My bad that I didn't do more research into the trainer. Went to her website and talked to her - all seemed good. Showed up with a calm dog loose leash walking in a martingale collar. Left the lesson with a hysterical dog that was barking high pitched and was pulling like a freaking train. Not to mention he wouldn't sit automatically anymore. When the trainer took the leash from me to get Ranger to "focus" on her, she spent 10 minutes trying to accomplish this with no success. Then when he wouldn't sit for her, she told me to lift up on the martingale until his front feet left the ground. Don't worry, she said, he'll sit before he chokes. That's when I left, apologizing to Ranger the whole way.
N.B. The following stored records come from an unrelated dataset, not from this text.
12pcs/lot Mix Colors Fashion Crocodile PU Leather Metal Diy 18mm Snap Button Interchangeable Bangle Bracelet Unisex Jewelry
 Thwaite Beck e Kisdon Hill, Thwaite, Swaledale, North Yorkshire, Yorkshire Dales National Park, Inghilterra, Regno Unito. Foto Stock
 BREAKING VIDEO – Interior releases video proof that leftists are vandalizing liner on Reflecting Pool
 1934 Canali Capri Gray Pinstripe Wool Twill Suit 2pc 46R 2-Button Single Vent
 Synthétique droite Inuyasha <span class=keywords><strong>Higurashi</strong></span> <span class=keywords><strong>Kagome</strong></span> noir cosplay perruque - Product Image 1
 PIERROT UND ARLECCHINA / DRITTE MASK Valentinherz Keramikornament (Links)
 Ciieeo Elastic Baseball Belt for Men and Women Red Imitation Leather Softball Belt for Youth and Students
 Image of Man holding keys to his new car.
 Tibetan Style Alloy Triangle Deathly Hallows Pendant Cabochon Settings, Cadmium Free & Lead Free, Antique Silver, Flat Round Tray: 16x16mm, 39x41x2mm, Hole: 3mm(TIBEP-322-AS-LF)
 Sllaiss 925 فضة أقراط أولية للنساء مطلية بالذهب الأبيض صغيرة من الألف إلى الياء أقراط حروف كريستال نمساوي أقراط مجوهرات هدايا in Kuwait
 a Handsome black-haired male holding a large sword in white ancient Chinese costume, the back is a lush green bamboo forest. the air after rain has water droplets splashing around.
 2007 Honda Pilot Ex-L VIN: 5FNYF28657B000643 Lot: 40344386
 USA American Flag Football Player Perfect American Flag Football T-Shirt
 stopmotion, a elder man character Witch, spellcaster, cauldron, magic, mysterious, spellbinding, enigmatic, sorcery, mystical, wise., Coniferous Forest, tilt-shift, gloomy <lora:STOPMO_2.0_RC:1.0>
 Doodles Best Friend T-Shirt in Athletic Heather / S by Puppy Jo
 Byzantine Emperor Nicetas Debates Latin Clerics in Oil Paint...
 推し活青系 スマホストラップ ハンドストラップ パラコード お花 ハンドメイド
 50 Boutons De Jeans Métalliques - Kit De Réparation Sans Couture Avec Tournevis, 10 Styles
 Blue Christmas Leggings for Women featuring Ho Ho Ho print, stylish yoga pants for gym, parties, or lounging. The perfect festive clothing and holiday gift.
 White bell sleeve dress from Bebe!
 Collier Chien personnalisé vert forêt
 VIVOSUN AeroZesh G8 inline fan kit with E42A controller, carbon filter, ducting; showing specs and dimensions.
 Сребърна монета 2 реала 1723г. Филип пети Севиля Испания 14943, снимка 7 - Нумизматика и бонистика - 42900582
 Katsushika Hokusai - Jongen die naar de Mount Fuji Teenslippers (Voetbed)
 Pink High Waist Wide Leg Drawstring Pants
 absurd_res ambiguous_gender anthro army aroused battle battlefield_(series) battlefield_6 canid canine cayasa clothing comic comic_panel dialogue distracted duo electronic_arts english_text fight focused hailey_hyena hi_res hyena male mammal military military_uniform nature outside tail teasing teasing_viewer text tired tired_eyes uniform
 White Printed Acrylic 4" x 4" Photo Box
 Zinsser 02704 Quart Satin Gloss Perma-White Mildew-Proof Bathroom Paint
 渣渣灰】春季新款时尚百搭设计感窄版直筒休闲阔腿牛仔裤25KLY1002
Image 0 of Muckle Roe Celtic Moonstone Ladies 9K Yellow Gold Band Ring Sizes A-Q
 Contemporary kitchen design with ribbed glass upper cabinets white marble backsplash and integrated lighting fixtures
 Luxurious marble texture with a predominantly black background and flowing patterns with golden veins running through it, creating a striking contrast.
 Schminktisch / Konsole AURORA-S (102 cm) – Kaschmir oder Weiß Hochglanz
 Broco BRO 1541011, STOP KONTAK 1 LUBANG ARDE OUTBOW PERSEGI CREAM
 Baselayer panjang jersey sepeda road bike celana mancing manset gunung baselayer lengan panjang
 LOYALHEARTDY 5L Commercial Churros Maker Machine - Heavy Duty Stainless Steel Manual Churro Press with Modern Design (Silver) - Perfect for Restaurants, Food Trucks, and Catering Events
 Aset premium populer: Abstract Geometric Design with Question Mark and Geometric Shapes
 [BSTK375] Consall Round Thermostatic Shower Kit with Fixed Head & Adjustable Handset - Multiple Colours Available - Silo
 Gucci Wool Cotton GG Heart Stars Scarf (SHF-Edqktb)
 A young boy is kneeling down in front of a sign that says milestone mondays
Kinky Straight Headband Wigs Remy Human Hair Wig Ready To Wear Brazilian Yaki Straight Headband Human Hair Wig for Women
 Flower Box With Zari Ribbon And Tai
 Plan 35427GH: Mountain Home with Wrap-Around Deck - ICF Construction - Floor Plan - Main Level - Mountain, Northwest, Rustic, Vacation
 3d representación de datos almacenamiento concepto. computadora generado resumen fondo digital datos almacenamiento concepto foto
Ranger forgot all he had learned in that situation but the "trainer" made it worse. Still, I was embarrassed, especially when Ranger started reacting to the lab that kept trying to take a chunk of him. Then the lab owners told me their dog didn't like ranger's energy and SHE was trying to calm HIM! What a disaster. I could go on and on but I won't. I didn't expect Ranger to be perfect but when the trainer couldn't help the issues that were happening at that point AND the fact that things were getting worse, not better...I left. I saw the amazing behaviourist get Ranger's attention in 2 minutes when Ranger was utterly distracted by rabbits hopping around. This lady couldn't get it done in ten and then pretended she had and gave me back the leash. 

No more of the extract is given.